Bonjour,
Answers inline.
--
Erwann ABALEA
Le 14/08/2012 19:03, adrien pisarz a écrit :
Hi,
I have several questions about the ocsp functionnality. I read many
articles before asking those questions and unfortunetaly I still don't
have the answers. Maybe you can help me.
Fist of all, here is my ocsp configuration :
openssl ocsp -index index_prod.txt -CAfile OpCA.pem -rsigner ocsp.crt
-rkey ocsp.key -port 3456 -text -out /home/userocsp/ocsp_responder.log
The file index is populated by a self-made script,
the ocsp.crt (resp. key) is a certificate (resp. key) which contains
the ocsp signature extensions
the OpCA.pem contains the subAC certificate
Here are my questions :
1. Why the ocsp client work only if the -VAFile is set and otherwise I
got a signature error ? Is there a way to solve this issue ?
Maybe because the responder is not one of:
- the CA that signed the certificate you're requesting the status on
- a designated responder directly signed by the CA that signed the
certificate you're requesting the status on
Reread RFC2560. If you're instanciating the third possible responder
type (trusted responder whose public key is trusted by the requester),
then you obviously need to inform the client/requester. You didn't
provide elements on who signed who, so that's just a guess.
2. If I wan manage several subAC should I open a port foreach subCA ?

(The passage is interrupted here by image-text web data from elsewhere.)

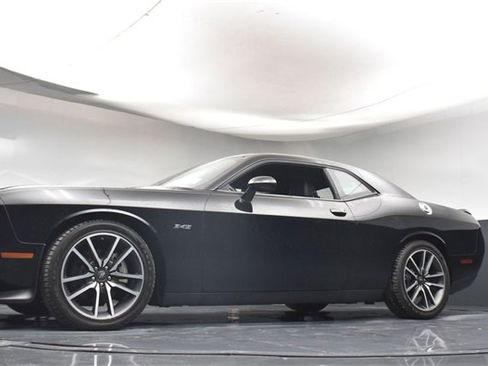 Used 2023 Dodge Challenger R/T w/ Plus Package image 30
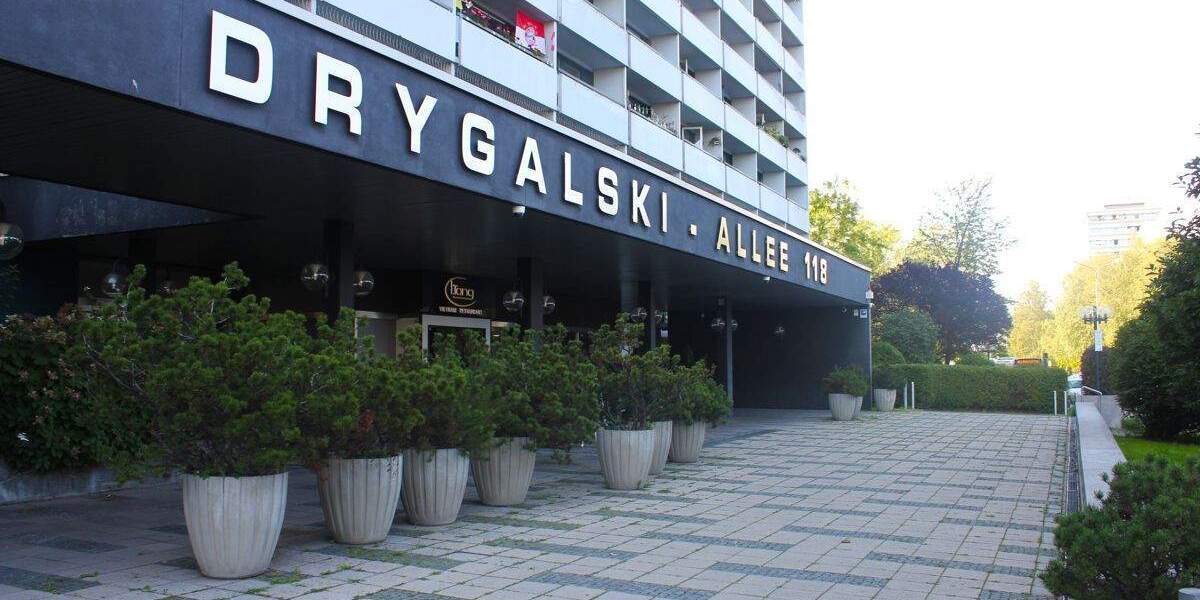 Einzelgarage in der Tiefgarage in München-SOLLN, Drygaslkiallee zimmer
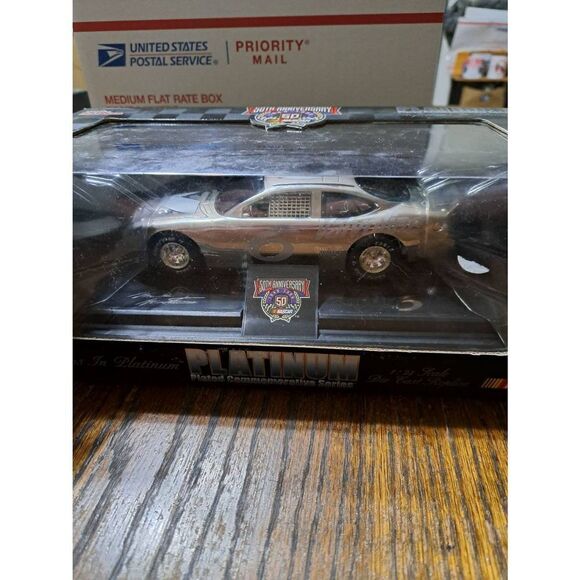 Vintage 98 Racing Champions Platinum Plated Nascar 50th Mark Martin Die Cast Car - Picture 2 of 4
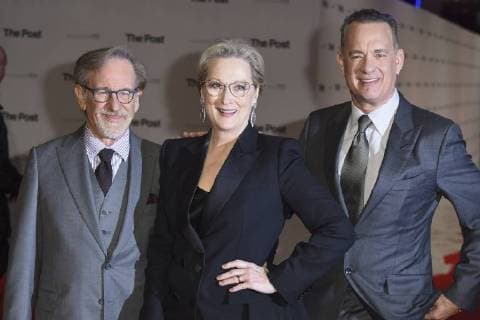 73. Berlinale, Steven Spielberg erhält den Goldenen Ehrenbären für sein Lebenswerk Steven Spielberg, Meryl Streep und Tom Hanks bei der Europapremiere des Kinofilms The Post Die Verlegerin im Odeon Leicester Square. London, 10.01.2018 Steven Spielberg, Meryl Streep, Tom Hanks *** Steven Spielberg, Meryl Streep and Tom Hanks at the European premiere of the movie the post the Publisher at the Odeon Leicester Square London 10 01 2018 Steven Spielberg Meryl Streep Tom Hanks  Foto:xS.xVasx xFuturexImage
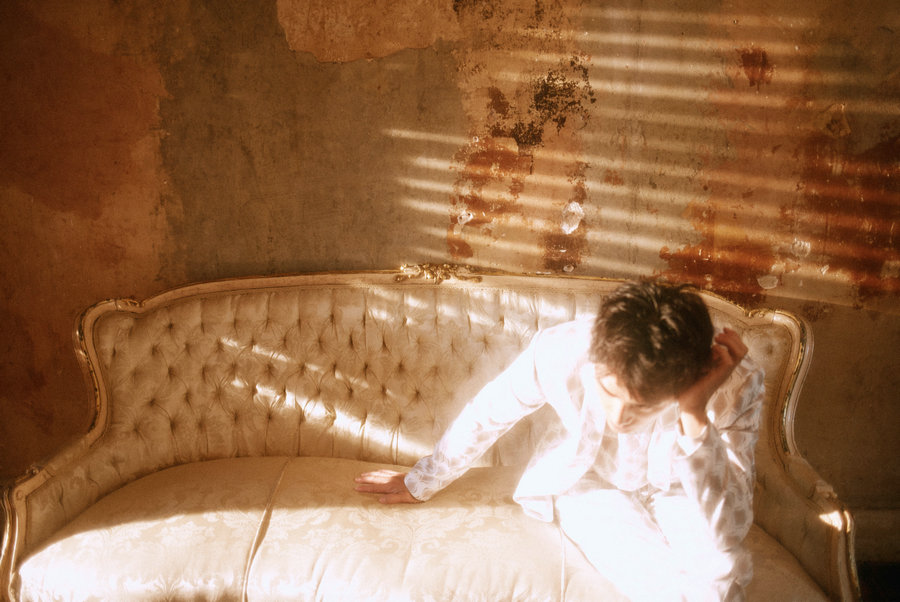 姜潮白色情人節(jié)大片曝光 一襲白衣時(shí)尚感十足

With the command-line tool, yes. If you need to have more CAs, then you
could probably try something more suited than the command-line tools.
The command-line tool also doesn't respond to GET requests, only POST ones.

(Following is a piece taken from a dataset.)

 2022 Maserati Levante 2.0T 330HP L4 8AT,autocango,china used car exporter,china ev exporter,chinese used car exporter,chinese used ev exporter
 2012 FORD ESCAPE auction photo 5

3. Why the ocsp responder requires that all the certificates (even the
valide's one) must be present in the index.txt in order to provide a
correct answer ? I was expected that openssl will check the
certificate signature and if the serial is not present in the
index.txt, it will answer good and not unknow.

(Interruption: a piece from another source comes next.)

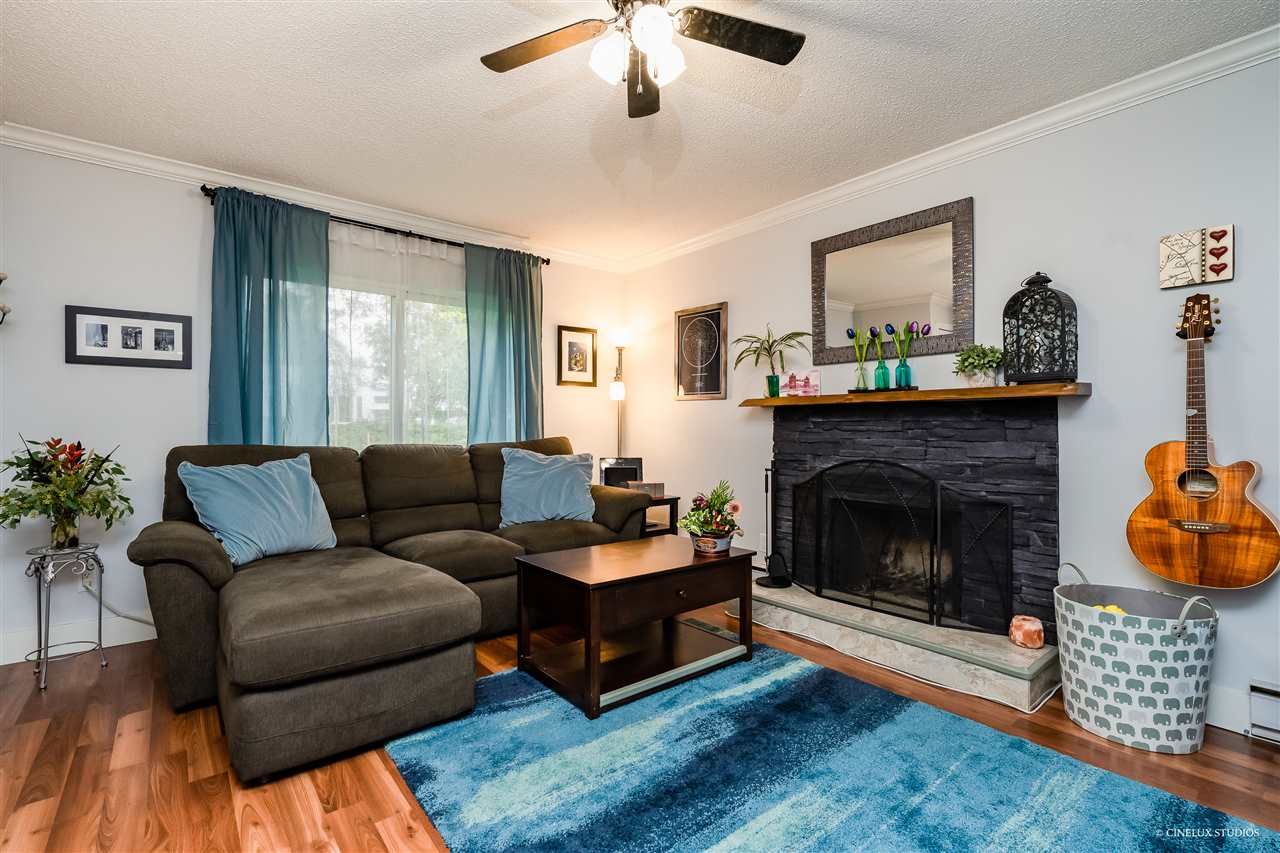 Photo 4: Photos: 2520 GORDON Avenue in Port Coquitlam: Central Pt Coquitlam Townhouse for sale : MLS®# R2407119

Design choice. You're giving the responder a database, so it supposed to
know *all* the certificates.
OCSP can be based on CRLs (black-list), but that's not implemented by
the tool. If that's what you want, you'll have to write your own.
4. As said, the openssl responder is working but a IHS server is not
abble to validate his answer and I got those errors :
[...]
Does anyone know how to configure an IHS with an openssl ocsp responder ?
You may ask your provider for this, not OpenSSL.